Do you have an example how to use? or maybe how to combine with your Ebisu? Mostly I don't understand q and T params. Can q just be either q=0.1 to q=1.0 to q=10.0?

I don't have a good sense of what to set q to in practical quiz apps. In numeric terms, the average value returned by schedule will be sqrt(q). So q=0.1 means average review time will be sqrt(.1)=.32 hours or 19 minutes for very low recall probability items. Similarly q=10 means average review time will be 190 minutes (=sqrt(10)) for very-low-recall-probability cards.

Of course you want q to be small so cards with low recall probability are scheduled as soon as possible. But if you make q=0.1, your high recall probability cards also get scheduled sooner… what's the right balance? We have to try it out with a quiz app and see… the authors weren't able to do that with live students so we have to do that.

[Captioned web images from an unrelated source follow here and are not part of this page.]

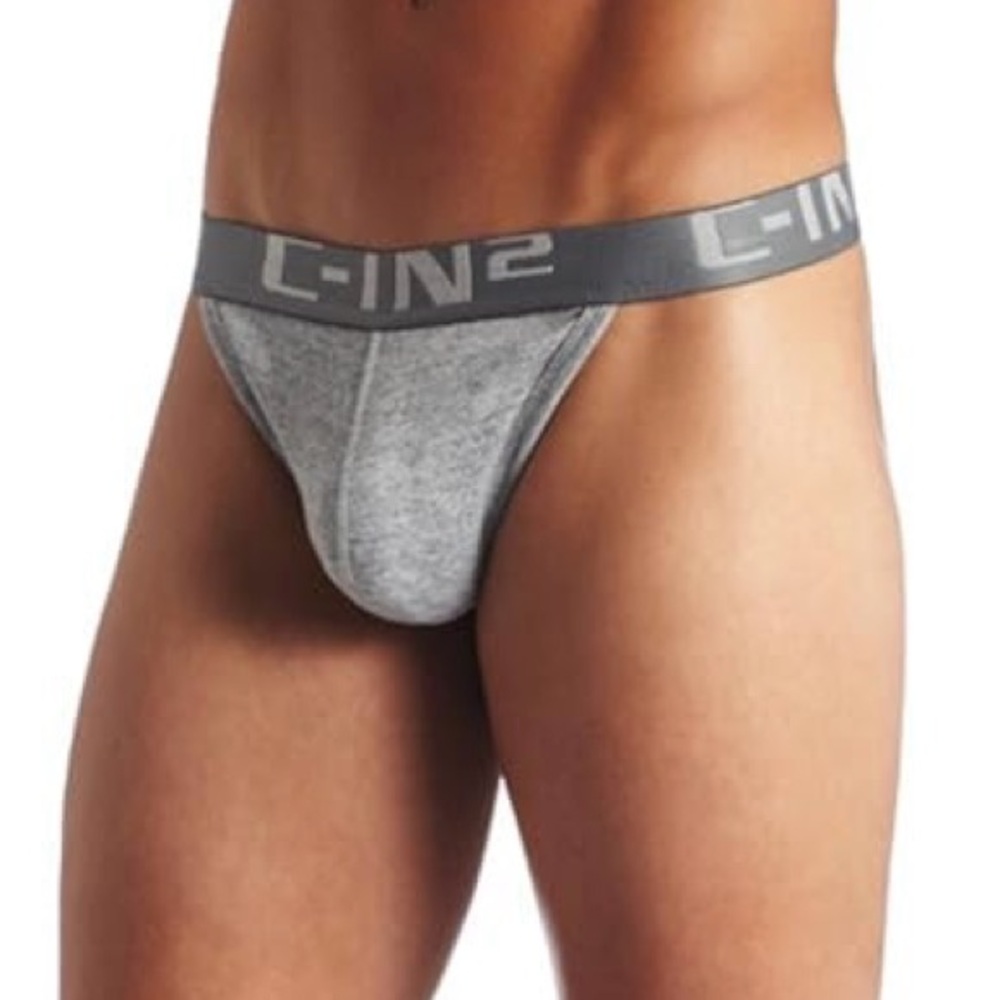C-IN2 Core Y-Back Low Rise Thong, Gray, Large - Picture 2 of 6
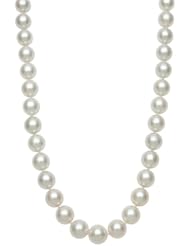 AA+ Quality Round White 9-9.5mm Akoya Pearl Strand Necklace 36 Inch, with 14k White Gold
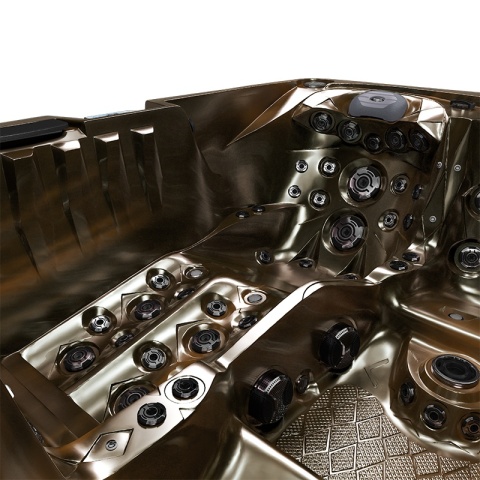 JACUZZI OGRODOWE WANNA SPA747 MAGMA GOLD OBUDOWA BRĄZOWA DESKA F21 210x210 CM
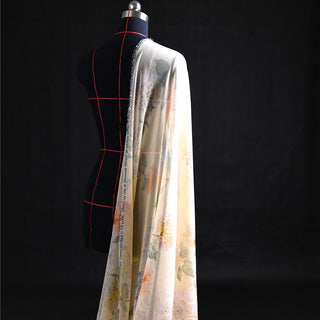 Yardblox Exclusive Zimmermann Floral Off-White Non-Stretch Viscose Crepon DS01506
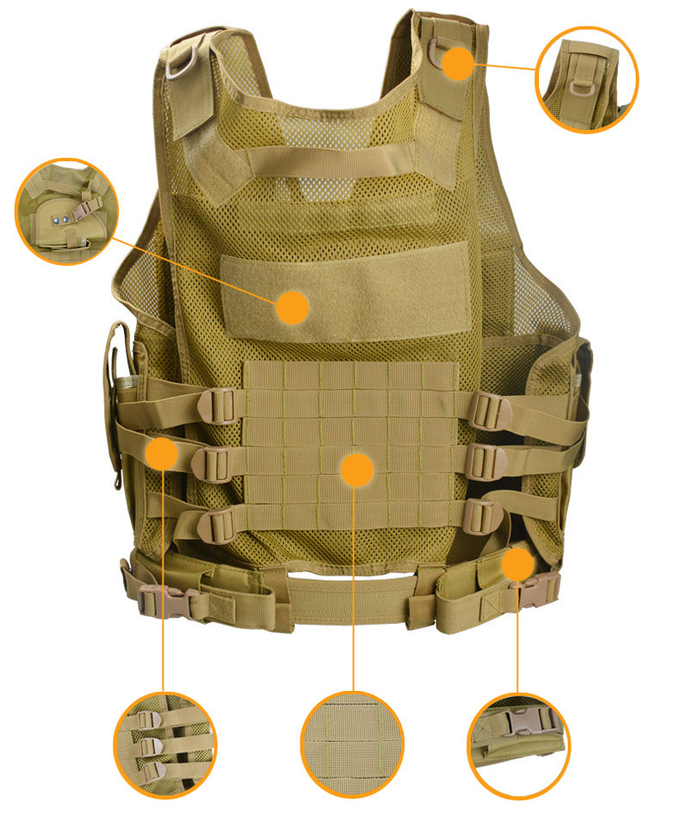 Breathable Nylon Mesh Military Plate Carrier Vest High Tensile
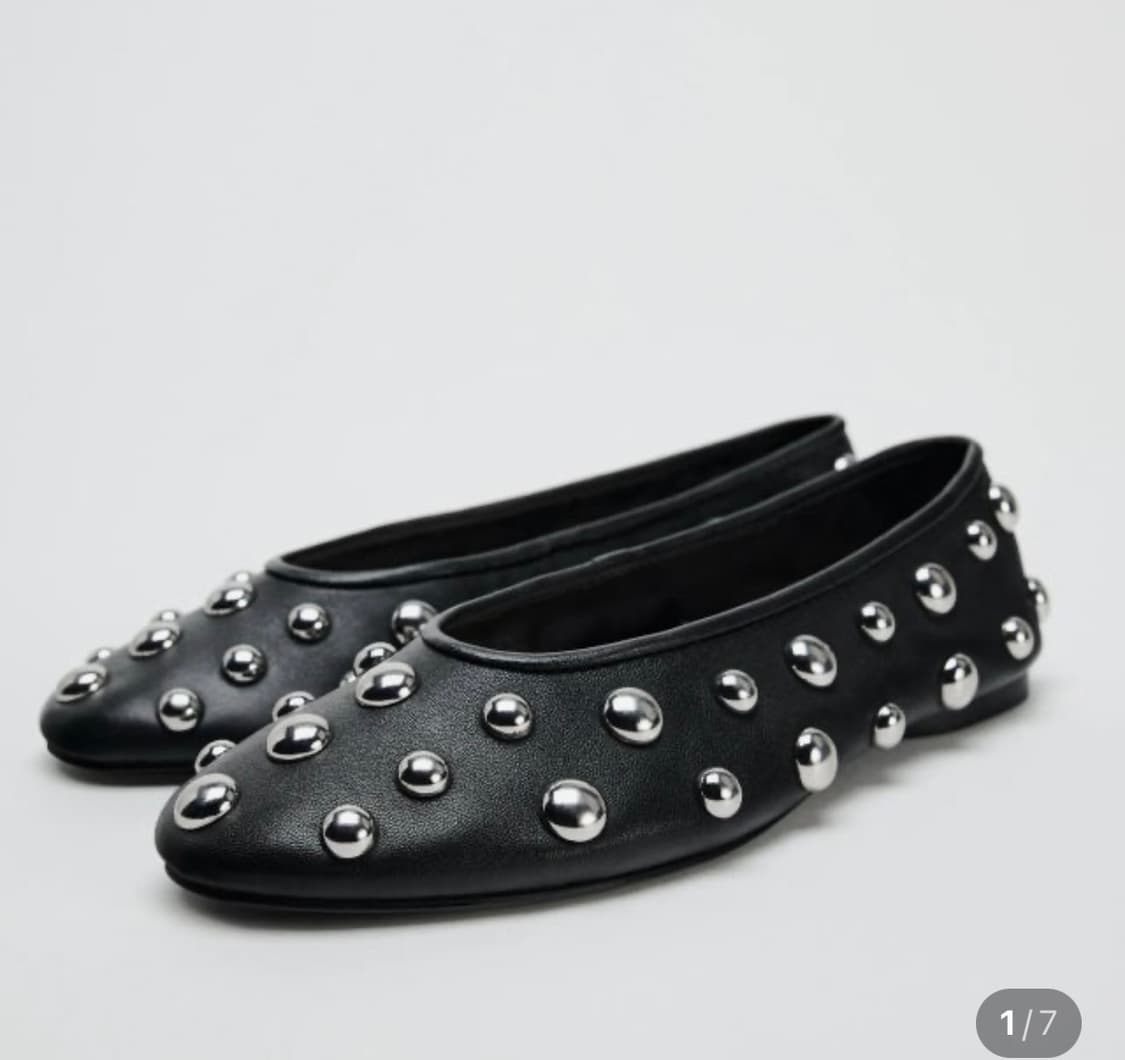 구매해요) 자라 여성 신발 스터드 레더 발레리나 플랫슈즈 상품이미지1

Can you help explain the T?

T is the max value the function will return. Set it to infinity to allow it to schedule arbitrarily far into the future. I thought about setting the default value for T be infinity but decided to require users to provide a max, that's a bit safer than potentially spending a long time calculating the value…

  1. if I use rng=None, is the output idempotent?

No, the opposite: if rng=None the function uses the system random number generator stream, so the return values will be random each call. If each call you use rng=Random(123) (for seed 123), then the function is idempotent, returning the same values each time.

  1. Can you help with java version as well?

If you promise to use it in your quiz app and tell me whether you find Memorize is better than "review when probability drops 50% (or 10% or whatever)", I'll help port it to Java :).

The way to use this with Ebisu is super-simple:

from memorizesrs import schedule
import ebisu

model = ebisu.defaultModel(0.25) # initially 15 minute half-life
timeSinceLastReview = 0.5 # half-hour since last learned/reviewed

dueIn = schedule(lambda t: ebisu.predictRecall(model, t + timeSinceLastReview, exact=True), q=1.0, T=100.)
# dueIn is "quiz is due in dueIn hours from now"

If you play with timeSinceLastReview and q you'll see that the algorithm might suggest scheduling a card you just learned before a card you learned a while ago.

fasiha commented 4 years ago

Of course you want q to be small so cards with low recall probability are scheduled as soon as possible. But if you make q=0.1, your high recall probability cards also get scheduled sooner… what's the right balance? We have to try it out with a quiz app and see… the authors weren't able to do that with live students so we have to do that.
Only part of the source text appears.